Old thread, I know, but I ran into this recently. We have a simple data dictionary that lists source column name, target column name and data type. At the same time, we are pivoting key/value pairs to a wide format.

To do that, I created a macro that queries the column metadata then uses cases statements to pivot, rename and set the data type (source data is read in as all varchars). It works well.

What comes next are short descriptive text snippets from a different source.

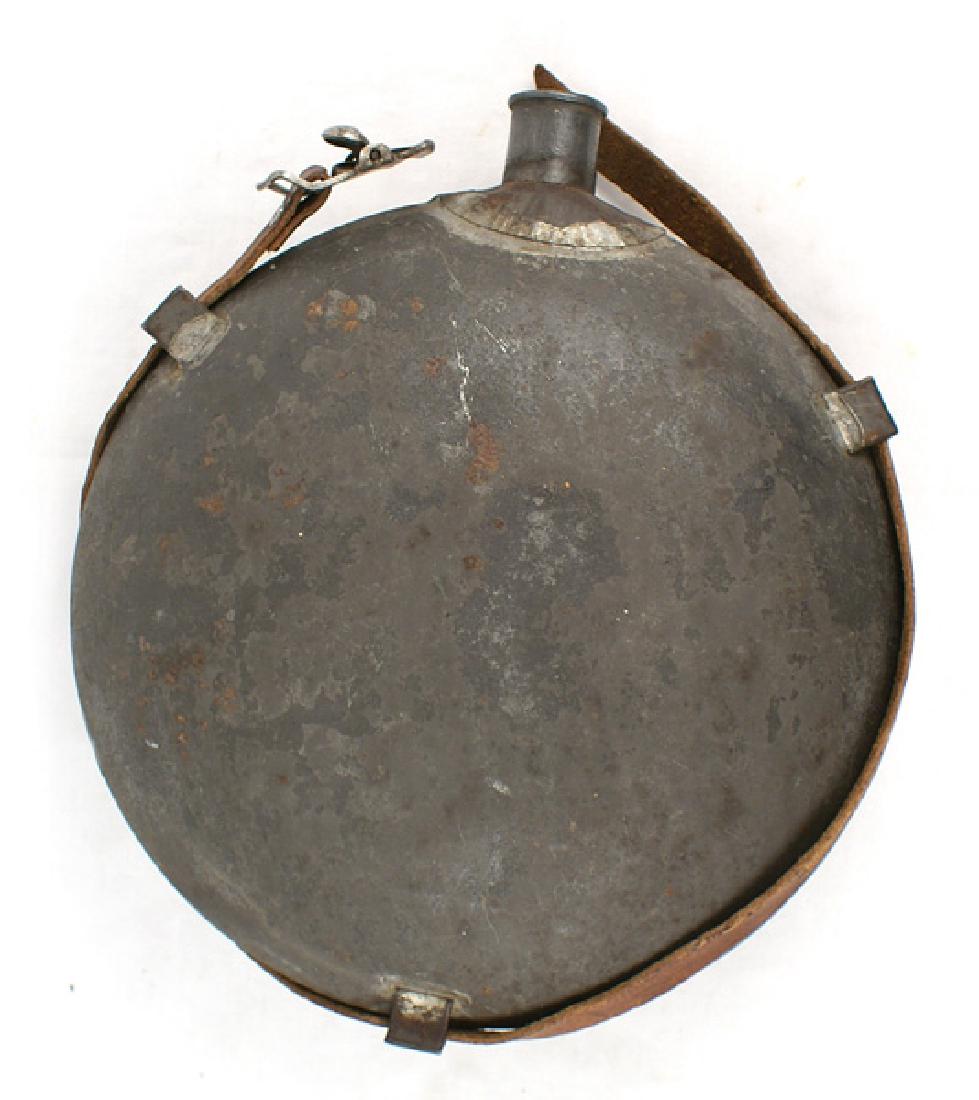 U.S. Civil War canteen: K-007 U.S. Civil War canteen. Round tin body with three soldered - on metal sleeves - holding a post Civil War leather strap. 7/8" peuter neck is etched "Drich IRIE". No cover. II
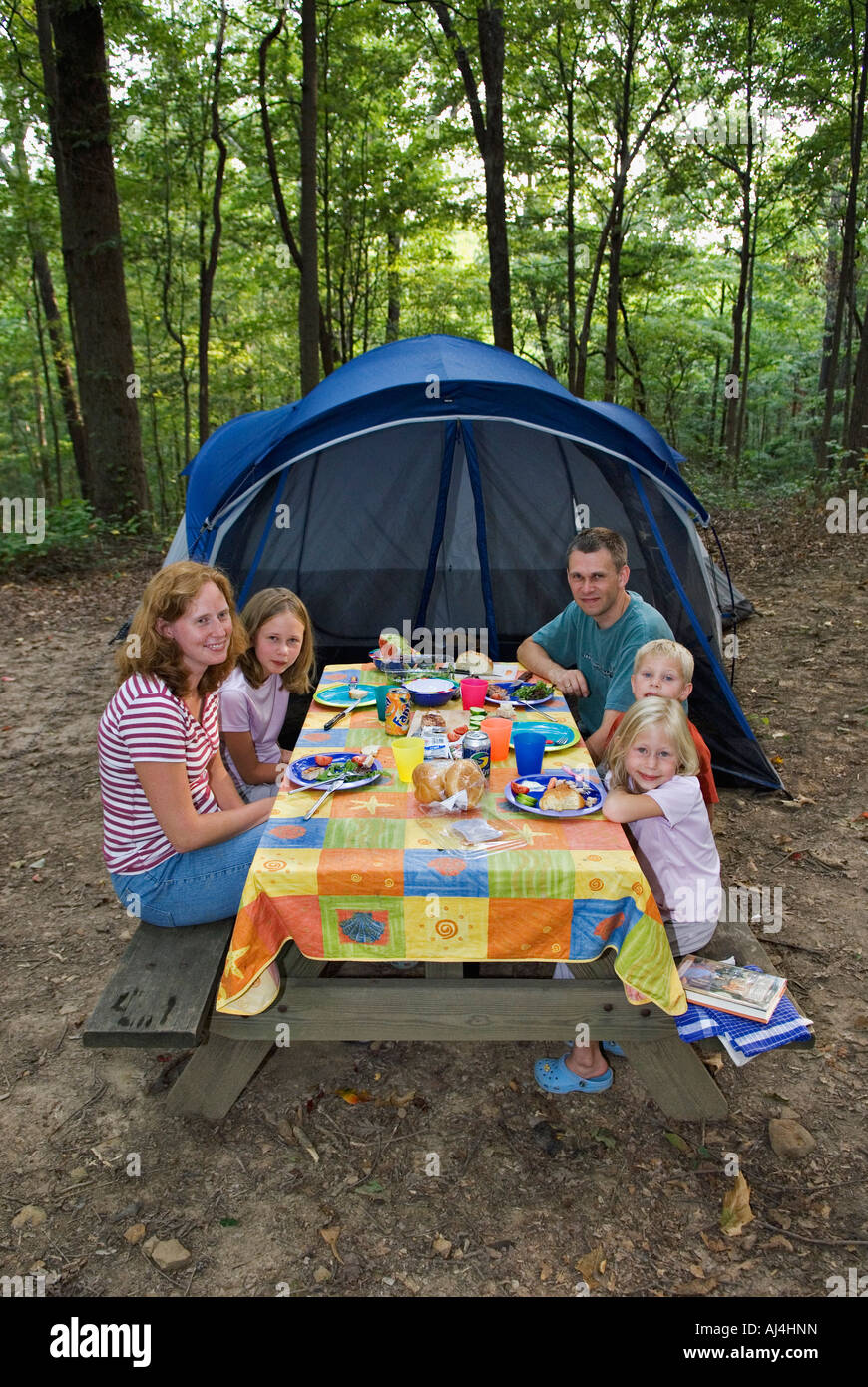 Camping famiglia mangiare al tavolo da picnic con la tenda in background  O'Bannon boschi del Parco Statale Indiana Foto stock - Alamy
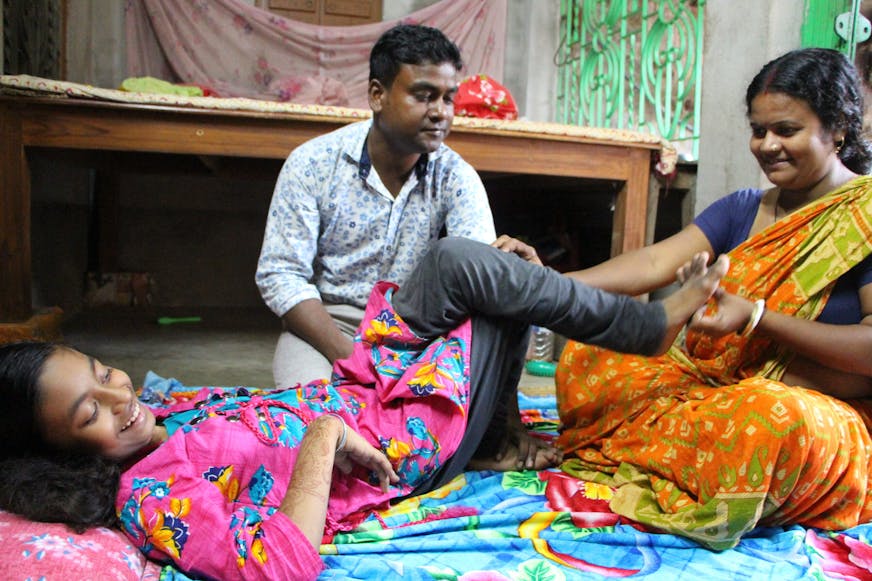 Fysiotherapeut Balai leert de moeder van Anushree hoe ze oefeningen kan doen met haar dochter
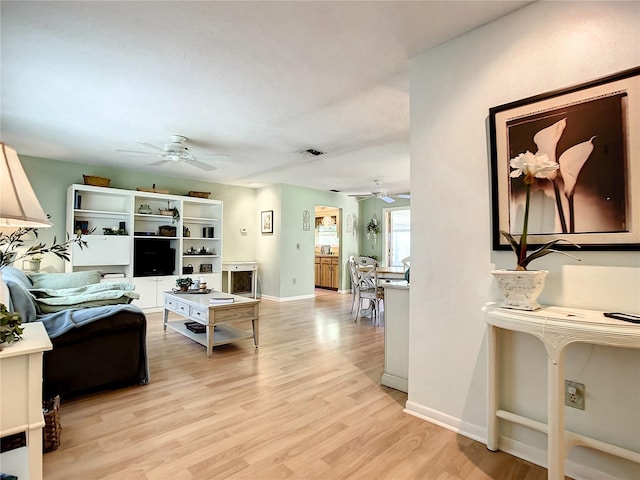 966 N Ronald Reagan Blvd, Longwood, FL 32750 - living area with a ceiling fan, light wood-style floors, and baseboards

Here’s the macro (recordset identifies source data, record_pip identifies the target):

{% macro get_field_definitions(record_set, record_pipe) %}
    {% set query %}
       select
           field_key,
           field_type,
           target_name
       from {{ ref('stg_field_definitions') }}
       where record_set = '{{record_set}}'
       and record_pipe = '{{record_pipe}}'
    {% endset %} 

    {% set query_results = run_query(query) %}

    {% if execute %}
        {% set results = query_results.rows %}
        {{ return(results) }}
    {% endif %}
{% endmacro %}

In SQL:

{{
    config(
        materialized='view'
    )
}}

{#- Get the field definitions that exist  -#}
{% set field_definitions = get_field_definitions(
                                                             record_set = 'SomeRecordset',
                                                             record_pipe = 'SomeTargetEntity')
 %}


select
    identifier,
        {% for row in field_definitions %}
            cast( max(case when field_key = {{ row[0] }} then field_value end) as {{row[1]}} ) as "{{ row[2] }}",
        {% endfor %}
    source_file,
    sum(is_changed) as num_changed
from {{ ref('stg_some_long_key_value_table') }}
group by
    dentifier,
    source_file -- We have daily files coming in with changes

A few notes:

  • Tried dbt_utils.pivot, but it doesn’t support using a second column as the value (that I could find)
  • This is my first attempt at creating a macro, I’d love any feedback
  • I was surprised how easy this was. It really sold me on DBT as a great solution to dynamic SQL

Interested if you could expand on this. I am trying to do the same, if I understand correctly:

I have columns record_id, field_names, and field_values and am trying to pivot and make the values of the field_names columns with the associcated field_values as the data populating the pivot.